山形サクランボ国際市場へ参入 県が始動

山形県は新年度、生産量日本一を誇るサクランボのブランド強化のため、新たに国際市場への参入を目指す「世界一プロジェクト」を始動させる。世界で主流の大玉品種の開発、国際宅配制度の構築を進める一方、産地拡大を見据えた機械収穫の研究に乗り出す。

新品種の開発は「世界に類を見ない超大玉」と銘打ち「4L」サイズの果実を目指す。遺伝分析や掛け合わせる親種の選定、優良系統の選抜などに取り組み、数年間かけて実現する。
世界のサクランボ生産量はトルコ、米国、イランが上位。
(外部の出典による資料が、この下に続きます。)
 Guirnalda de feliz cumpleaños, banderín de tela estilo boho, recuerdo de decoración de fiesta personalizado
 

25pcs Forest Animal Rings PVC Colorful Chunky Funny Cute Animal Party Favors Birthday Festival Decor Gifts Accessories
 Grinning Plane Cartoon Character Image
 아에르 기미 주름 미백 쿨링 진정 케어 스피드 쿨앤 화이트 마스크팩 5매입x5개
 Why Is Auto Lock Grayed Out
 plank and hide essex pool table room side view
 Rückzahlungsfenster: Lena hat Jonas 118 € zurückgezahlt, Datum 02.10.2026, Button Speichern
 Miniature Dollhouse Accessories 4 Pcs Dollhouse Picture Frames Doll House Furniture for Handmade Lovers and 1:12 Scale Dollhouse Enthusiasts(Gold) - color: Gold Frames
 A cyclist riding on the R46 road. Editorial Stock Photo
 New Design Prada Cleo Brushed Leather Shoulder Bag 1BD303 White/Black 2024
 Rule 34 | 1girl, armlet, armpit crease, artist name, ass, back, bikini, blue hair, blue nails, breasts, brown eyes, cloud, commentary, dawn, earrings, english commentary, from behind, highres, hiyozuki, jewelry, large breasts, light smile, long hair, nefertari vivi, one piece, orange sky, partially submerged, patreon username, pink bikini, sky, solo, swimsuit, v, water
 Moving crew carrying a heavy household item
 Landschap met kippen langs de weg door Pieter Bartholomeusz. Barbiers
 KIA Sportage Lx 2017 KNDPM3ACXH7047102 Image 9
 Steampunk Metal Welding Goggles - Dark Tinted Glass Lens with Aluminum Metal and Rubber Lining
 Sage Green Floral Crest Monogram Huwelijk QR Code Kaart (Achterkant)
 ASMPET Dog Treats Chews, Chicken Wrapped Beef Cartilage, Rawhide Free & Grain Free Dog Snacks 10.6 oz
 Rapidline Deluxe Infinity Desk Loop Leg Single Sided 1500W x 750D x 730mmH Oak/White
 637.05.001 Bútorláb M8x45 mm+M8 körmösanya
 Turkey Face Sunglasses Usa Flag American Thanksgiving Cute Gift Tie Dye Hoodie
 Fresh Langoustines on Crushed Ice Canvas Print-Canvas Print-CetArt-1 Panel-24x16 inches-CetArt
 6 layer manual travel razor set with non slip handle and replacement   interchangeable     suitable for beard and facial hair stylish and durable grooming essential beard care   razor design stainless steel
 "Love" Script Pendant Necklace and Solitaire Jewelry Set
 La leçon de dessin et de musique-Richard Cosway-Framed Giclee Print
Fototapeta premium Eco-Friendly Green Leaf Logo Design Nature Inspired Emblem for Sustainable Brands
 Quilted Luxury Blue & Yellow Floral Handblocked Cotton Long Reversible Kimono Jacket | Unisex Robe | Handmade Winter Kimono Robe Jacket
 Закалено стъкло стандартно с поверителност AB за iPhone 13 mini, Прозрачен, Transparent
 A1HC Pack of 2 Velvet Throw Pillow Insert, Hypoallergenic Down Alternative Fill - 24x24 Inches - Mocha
いずれも3L級の大玉が主流を占める。山形産は粒の大きい「紅秀峰」でも2L級。品質の高さを維持したまま果実を肥大化させることが、国際市場で競争できる必須条件となる。
世界で山形産の認知度を上げるため、海外向けにモデル販売する農業者の活動を支援する。外国人観光客がサクランボを気軽に持ち帰れるよう、国際宅配に適したパッケージや小口輸出システムなども検討する。
販路が世界に広がれば産地拡大は不可欠だが、県内の生産現場は高齢化と労働力不足が深刻。県によると、生産農家の約14%が収穫期に人員が確保できず、果実を廃棄しているという。
世界一プロジェクトは、将来の大規模経営を見据え「サクランボ収穫ロボット」の開発に着手する。基盤技術だけでなく、実がなる位置を一定にするなど、ロボット収穫を可能にする樹形の研究にも取り組む。
県は全農県本部や山形大、試験研究機関、有識者らでプロジェクト推進会議を発足させる。県園芸農業推進課は「市場開拓へ世界に打って出たい。品質には自信があり、世界に通用する山形産サクランボとして、ブランド価値を高めたい」と話した。